Jones New York trousers, Loft scarf, Talbot's peasant top. I liked this top so much that I also bought it in black crossdyed linen, so I can reverse this outfit with white jeans. I have on red earrings, a red shell ring and red Born flats to keep from being monochromatic. The scarf is perfect in my air-conditioned office.
I don't normally wear all-over-loose-and-flowy. I tend to be fitted in at least one third of my look, whether it is skirt, pants, top. Even fitted boots qualify. On a hot, sticky day, however, you just want as little material as possible touching you.
Which leads me to another thought and a link to a great post. Chicago Tribune writer Amy Guth contributed a post on Dressing Room Choices at Already Pretty, a blog (and lovely human) whom you know I revere in every way. I'll summarize, but I hope you'll also read her full post.
When you try on clothes at the store, turn your back to the mirror.
Think about how you feel, how the fabric moves, how the color and details appear from your perspective. THEN turn around and catch a glimpse of your reflection. NEVER watch yourself getting dressed. This is my own caveat because it is one long opportunity to flinch and criticize.

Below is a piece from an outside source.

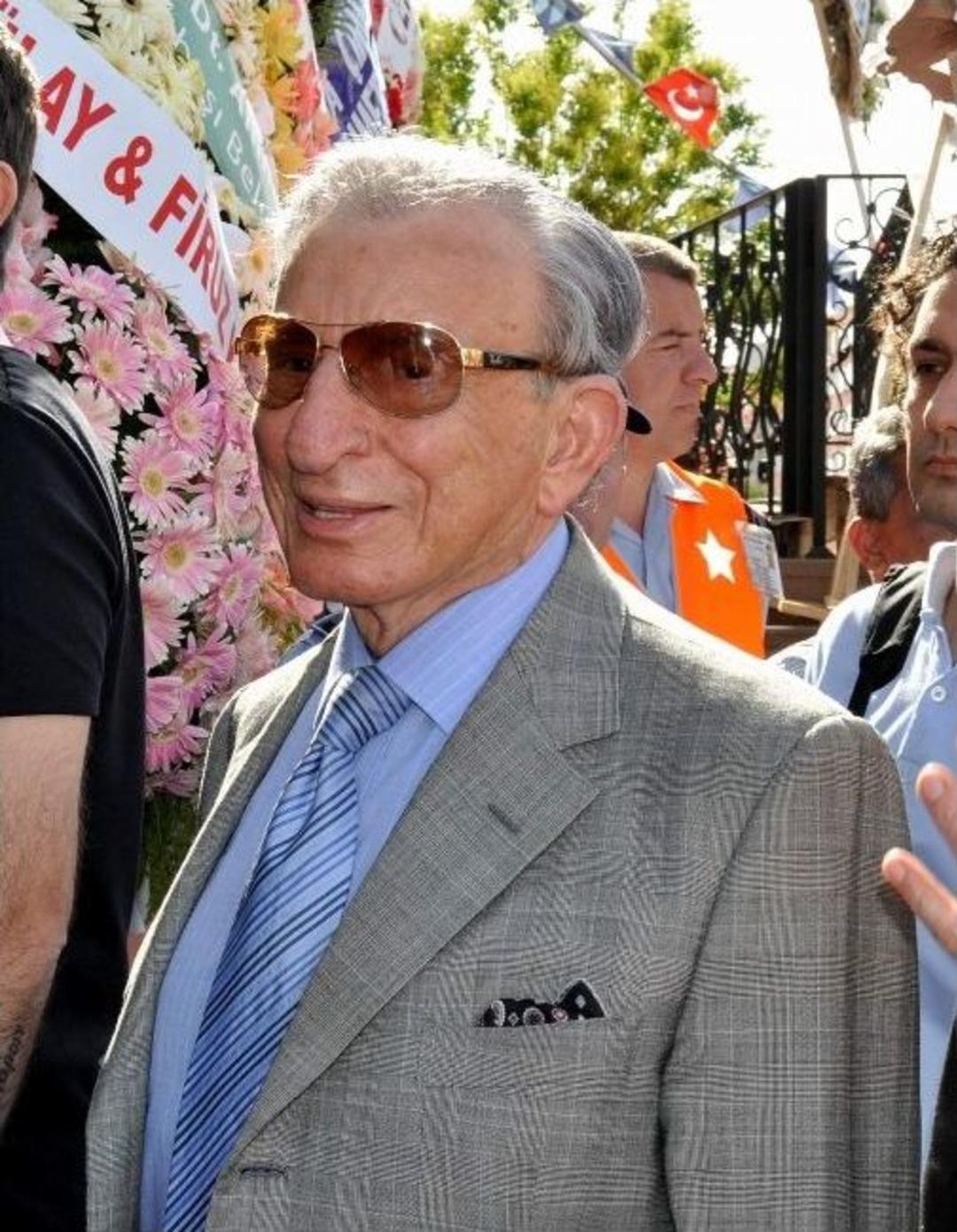 Balmumu M&uuml;zesine &Uuml;nl&uuml; Yağmuru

In my Skokie house, I could circle around through the kitchen, dining room and living room (not as far as it sounds - it was a little house) and "surprise" my reflection in the full length mirror on the bathroom door. In this way I saw myself moving, not static, and all at once. In the condo I don't have the same runway approach, but I still try to get the outfit on the move, then compare my view to what the camera sees. Huh. I kind of miss that tour of the house on my way to the mirror.